Aim of the exercise:
Your answer should be an exact copy of every record.
::: Excerpted data
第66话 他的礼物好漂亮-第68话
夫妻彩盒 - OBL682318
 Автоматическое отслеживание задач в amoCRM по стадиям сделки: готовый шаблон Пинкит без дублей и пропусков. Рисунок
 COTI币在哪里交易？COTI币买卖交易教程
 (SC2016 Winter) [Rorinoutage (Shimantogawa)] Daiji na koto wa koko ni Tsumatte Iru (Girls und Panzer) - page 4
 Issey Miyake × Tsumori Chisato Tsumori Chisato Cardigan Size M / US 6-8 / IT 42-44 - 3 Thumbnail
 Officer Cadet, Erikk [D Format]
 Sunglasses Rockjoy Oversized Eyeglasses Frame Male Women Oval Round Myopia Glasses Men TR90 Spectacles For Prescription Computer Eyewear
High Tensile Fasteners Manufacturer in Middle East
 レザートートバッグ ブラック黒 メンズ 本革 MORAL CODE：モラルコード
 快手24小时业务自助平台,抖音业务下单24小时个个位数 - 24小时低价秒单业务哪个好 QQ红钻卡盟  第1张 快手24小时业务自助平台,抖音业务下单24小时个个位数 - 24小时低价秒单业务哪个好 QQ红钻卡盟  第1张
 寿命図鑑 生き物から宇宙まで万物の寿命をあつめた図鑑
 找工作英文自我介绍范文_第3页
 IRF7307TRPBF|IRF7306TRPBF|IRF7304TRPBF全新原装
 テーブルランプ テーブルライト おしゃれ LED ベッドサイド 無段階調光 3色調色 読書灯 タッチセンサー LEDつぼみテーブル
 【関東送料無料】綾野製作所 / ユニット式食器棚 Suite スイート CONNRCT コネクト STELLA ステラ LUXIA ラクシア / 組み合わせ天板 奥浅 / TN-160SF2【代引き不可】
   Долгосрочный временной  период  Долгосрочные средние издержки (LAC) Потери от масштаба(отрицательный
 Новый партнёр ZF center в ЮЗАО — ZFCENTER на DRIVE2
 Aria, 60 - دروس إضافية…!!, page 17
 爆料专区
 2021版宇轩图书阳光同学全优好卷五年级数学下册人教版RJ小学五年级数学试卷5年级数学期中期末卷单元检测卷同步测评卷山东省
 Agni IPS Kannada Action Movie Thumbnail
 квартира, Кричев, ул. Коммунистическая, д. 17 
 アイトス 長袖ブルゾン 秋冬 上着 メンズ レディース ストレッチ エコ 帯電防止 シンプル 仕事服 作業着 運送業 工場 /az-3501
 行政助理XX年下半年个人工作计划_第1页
::::::
Solution for this exercise:
第66话 他的礼物好漂亮-第68话
夫妻彩盒 - OBL682318
 Автоматическое отслеживание задач в amoCRM по стадиям сделки: готовый шаблон Пинкит без дублей и пропусков. Рисунок
 COTI币在哪里交易？COTI币买卖交易教程
 (SC2016 Winter) [Rorinoutage (Shimantogawa)] Daiji na koto wa koko ni Tsumatte Iru (Girls und Panzer) - page 4
 Issey Miyake × Tsumori Chisato Tsumori Chisato Cardigan Size M / US 6-8 / IT 42-44 - 3 Thumbnail
 Officer Cadet, Erikk [D Format]
 Sunglasses Rockjoy Oversized Eyeglasses Frame Male Women Oval Round Myopia Glasses Men TR90 Spectacles For Prescription Computer Eyewear
High Tensile Fasteners Manufacturer in Middle East
 レザートートバッグ ブラック黒 メンズ 本革 MORAL CODE：モラルコード
 快手24小时业务自助平台,抖音业务下单24小时个个位数 - 24小时低价秒单业务哪个好 QQ红钻卡盟  第1张 快手24小时业务自助平台,抖音业务下单24小时个个位数 - 24小时低价秒单业务哪个好 QQ红钻卡盟  第1张
 寿命図鑑 生き物から宇宙まで万物の寿命をあつめた図鑑
 找工作英文自我介绍范文_第3页
 IRF7307TRPBF|IRF7306TRPBF|IRF7304TRPBF全新原装
 テーブルランプ テーブルライト おしゃれ LED ベッドサイド 無段階調光 3色調色 読書灯 タッチセンサー LEDつぼみテーブル
 【関東送料無料】綾野製作所 / ユニット式食器棚 Suite スイート CONNRCT コネクト STELLA ステラ LUXIA ラクシア / 組み合わせ天板 奥浅 / TN-160SF2【代引き不可】
   Долгосрочный временной  период  Долгосрочные средние издержки (LAC) Потери от масштаба(отрицательный
 Новый партнёр ZF center в ЮЗАО — ZFCENTER на DRIVE2
 Aria, 60 - دروس إضافية…!!, page 17
 爆料专区
 2021版宇轩图书阳光同学全优好卷五年级数学下册人教版RJ小学五年级数学试卷5年级数学期中期末卷单元检测卷同步测评卷山东省
 Agni IPS Kannada Action Movie Thumbnail
 квартира, Кричев, ул. Коммунистическая, д. 17 
 アイトス 長袖ブルゾン 秋冬 上着 メンズ レディース ストレッチ エコ 帯電防止 シンプル 仕事服 作業着 運送業 工場 /az-3501
 行政助理XX年下半年个人工作计划_第1页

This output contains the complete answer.